▶ **Input**:
◆ ◆ ◆ ◆ ◆ ◆ ◆
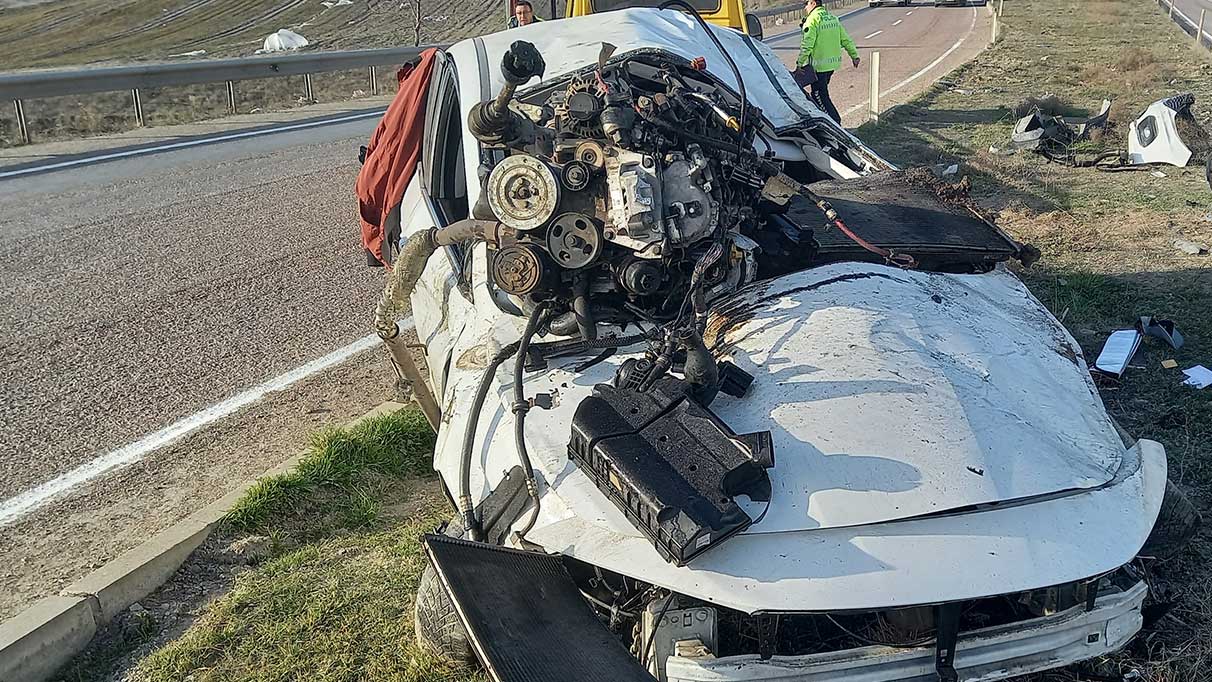 Ankara'da kaza yapan sürücü otomobilden fırladı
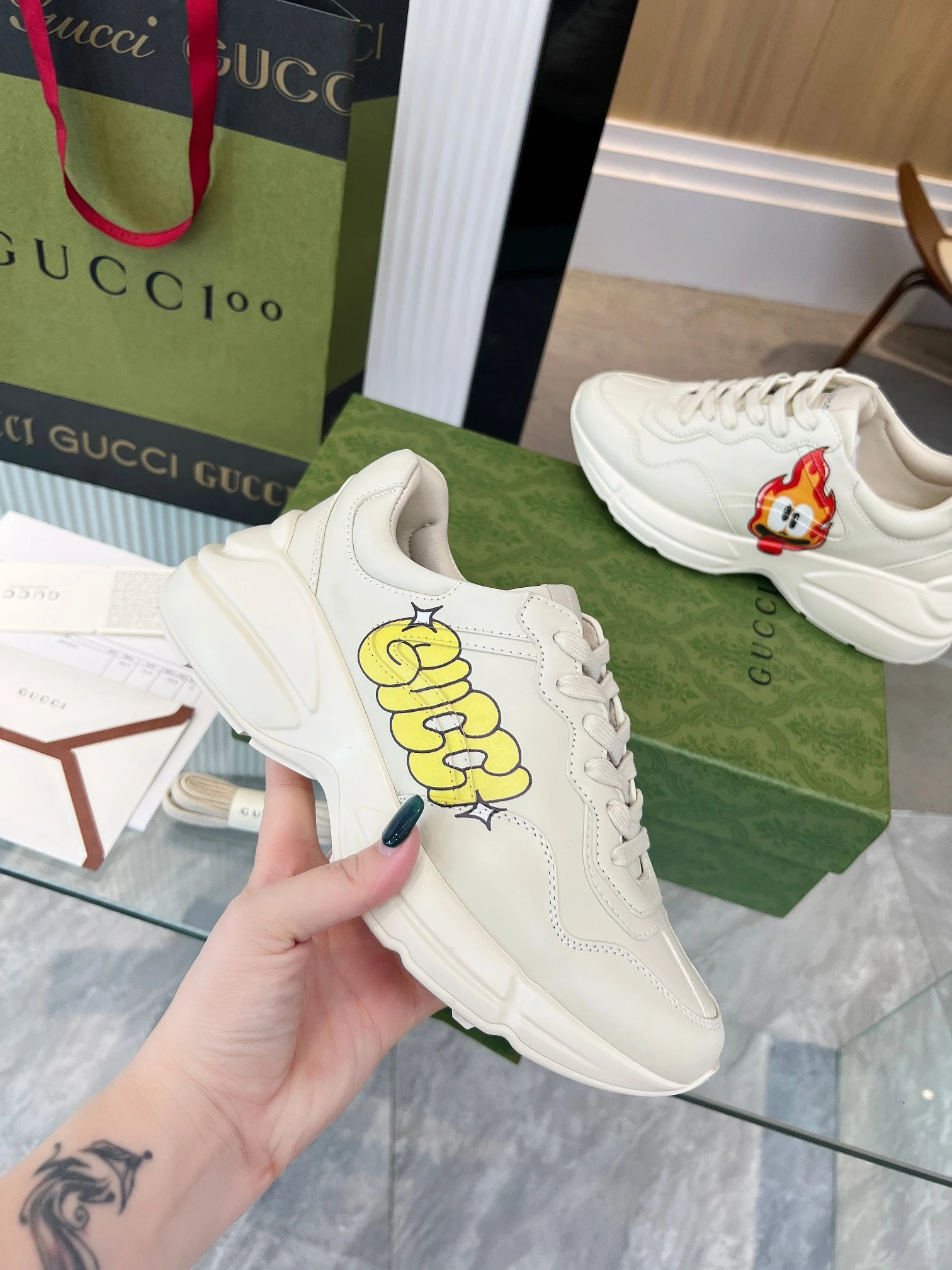 Gucci Shoes — 5987f1ef
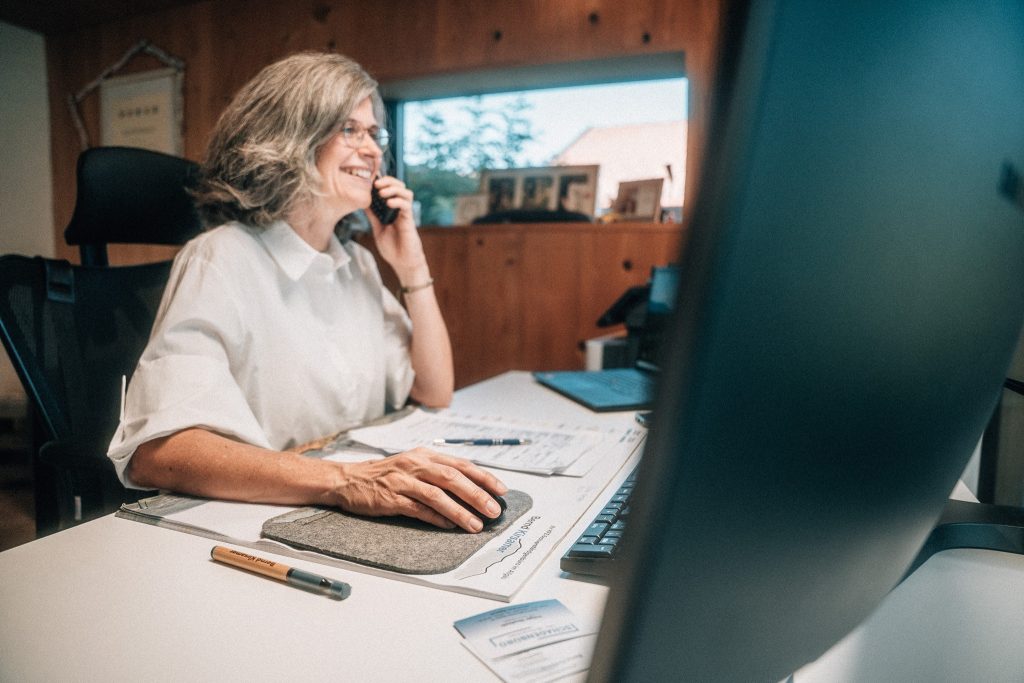 Sandra Meisenberg im telefonischen Kundengespräch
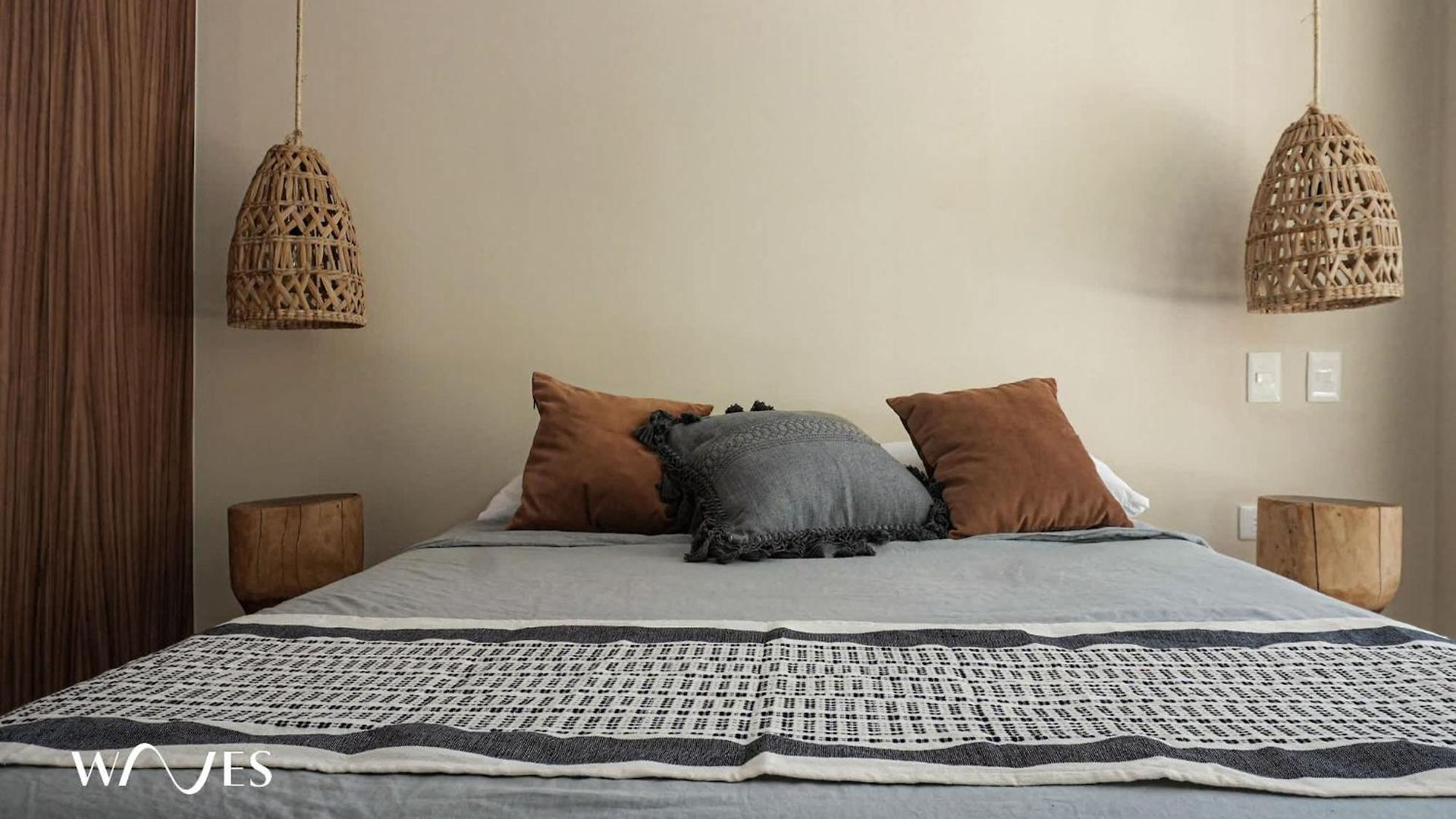 Holiday home Modern 1br With Private Pool And Surround Speakers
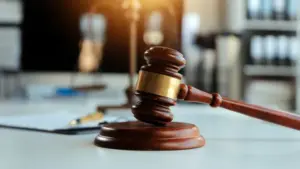 Le MP accuse un homme d'avoir tenté de tuer un autre homme juste parce qu'il est du sud du pays.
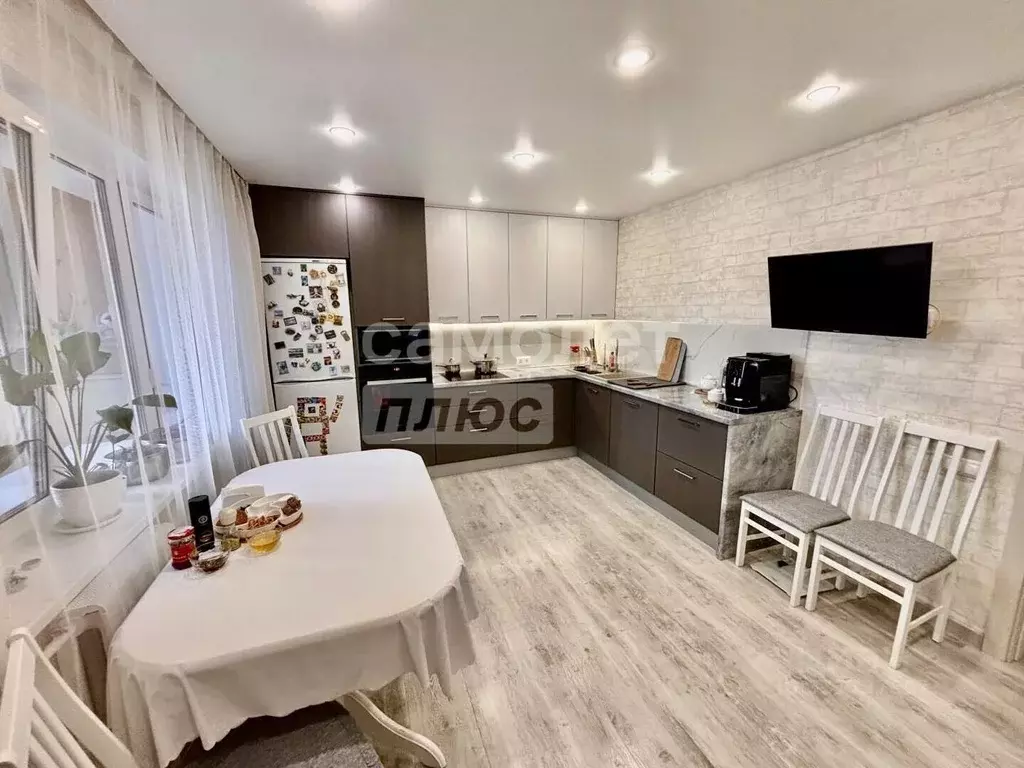 2-к кв. Башкортостан, Уфа ул. Карла Маркса, 64 (78.1 м) - Фото 1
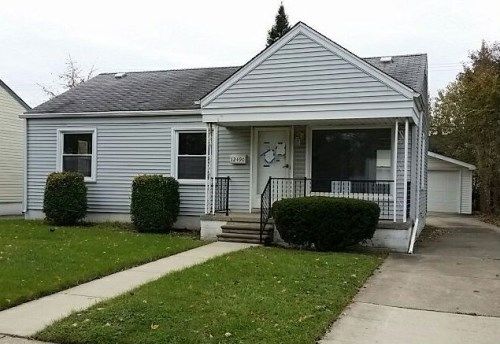 12490 Pearl St, Southgate, MI 48195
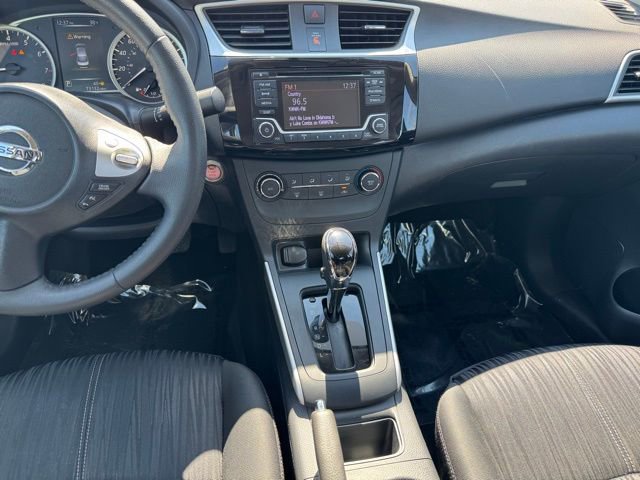 Used 2017 Nissan Sentra SV image 2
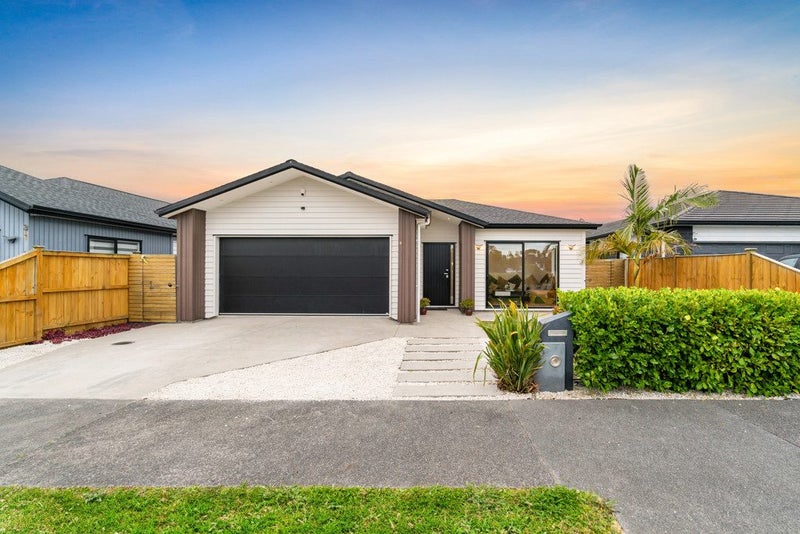 6 Earlywood Road, Ardmore, Auckland - Carousel 1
◆ ◆ ◆ ◆ ◆ ◆ ◆
▶ **The task**: Beginning with the line that holds "Used 2017 Nissan Sentra SV image 2", write out exactly the lines down to the end of the material above, and no others. Pictures are not part of the copy.

▶ **Exercise response**:
 Used 2017 Nissan Sentra SV image 2
 6 Earlywood Road, Ardmore, Auckland - Carousel 1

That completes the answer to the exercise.